* _TASK ITEM_: Line by line, give the data again exactly as it appears, but without pictures.

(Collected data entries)
######

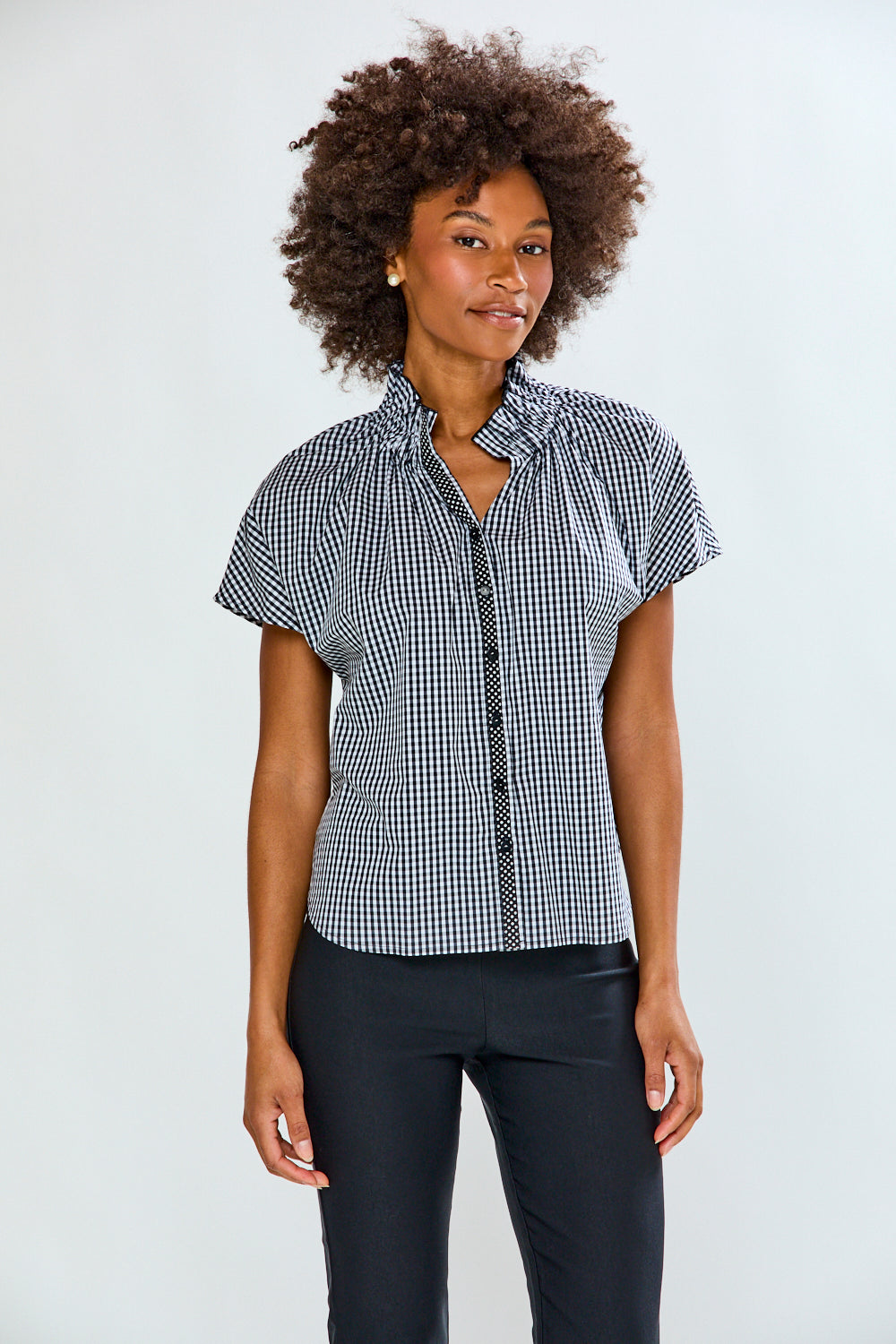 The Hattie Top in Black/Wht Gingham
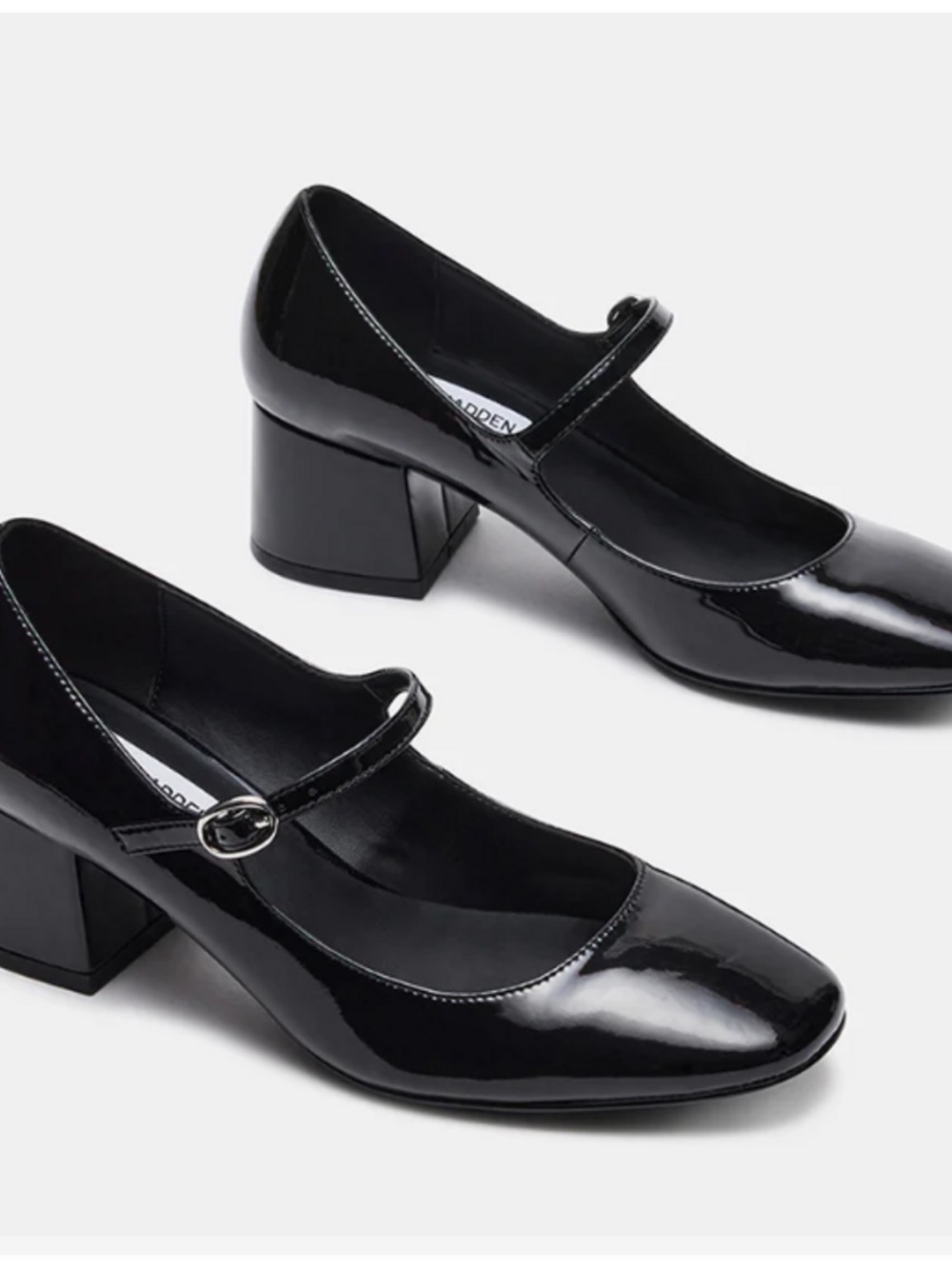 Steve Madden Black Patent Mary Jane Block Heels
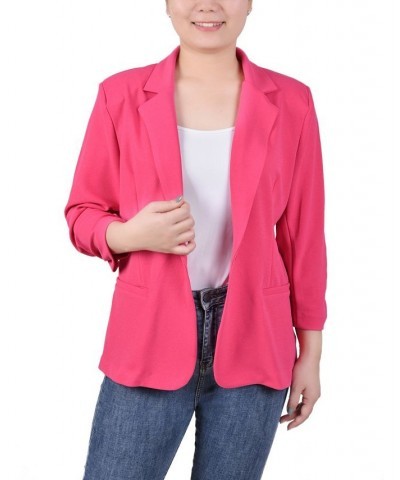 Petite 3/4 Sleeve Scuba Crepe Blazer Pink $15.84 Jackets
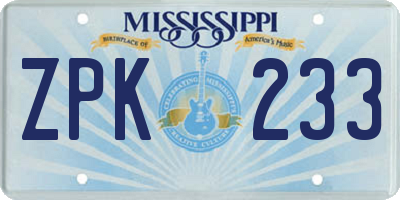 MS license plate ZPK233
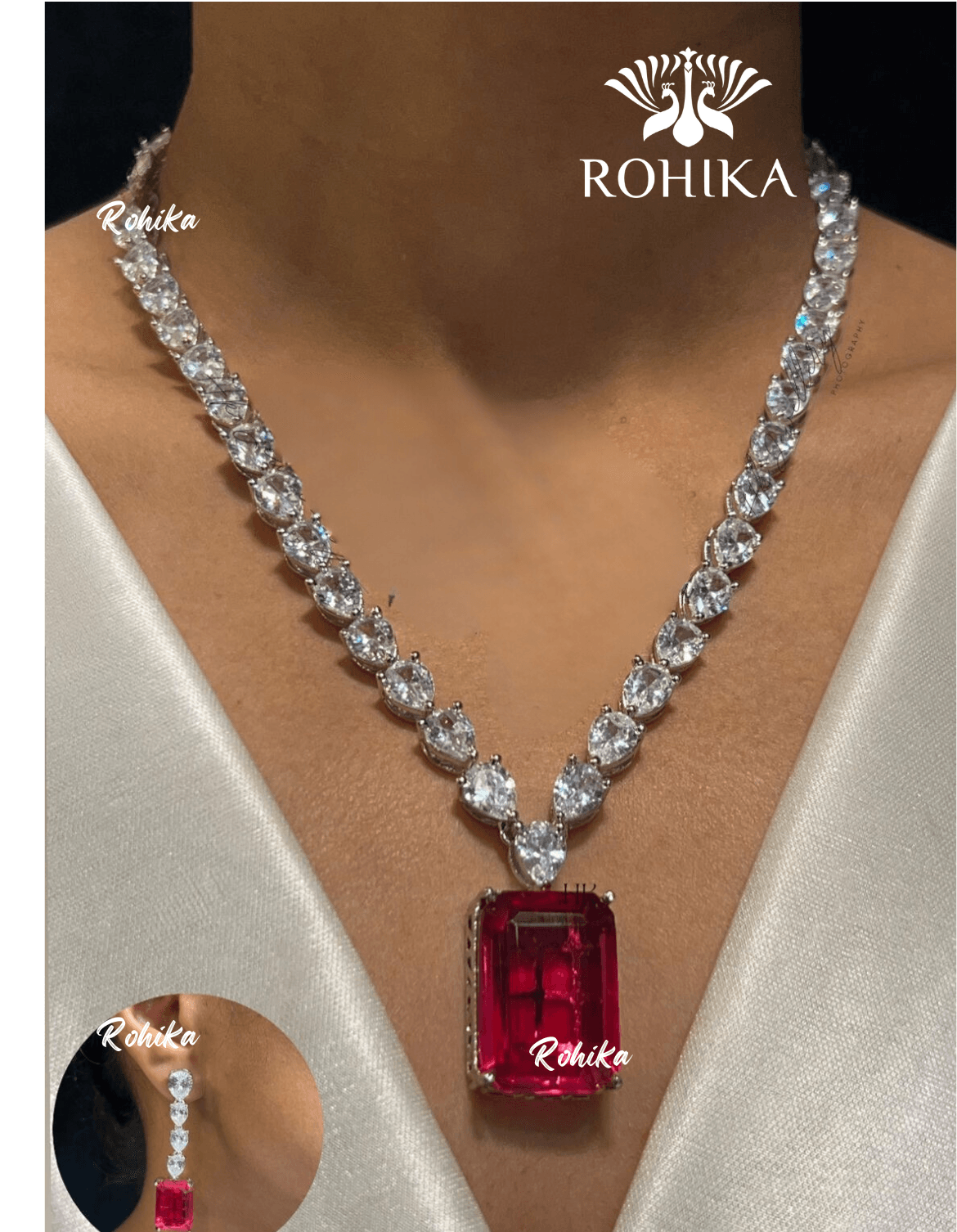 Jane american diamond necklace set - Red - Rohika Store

######

* _REPLY TO THE TASK_:
 The Hattie Top in Black/Wht Gingham
 Steve Madden Black Patent Mary Jane Block Heels
 Petite 3/4 Sleeve Scuba Crepe Blazer Pink $15.84 Jackets
 MS license plate ZPK233
 Jane american diamond necklace set - Red - Rohika Store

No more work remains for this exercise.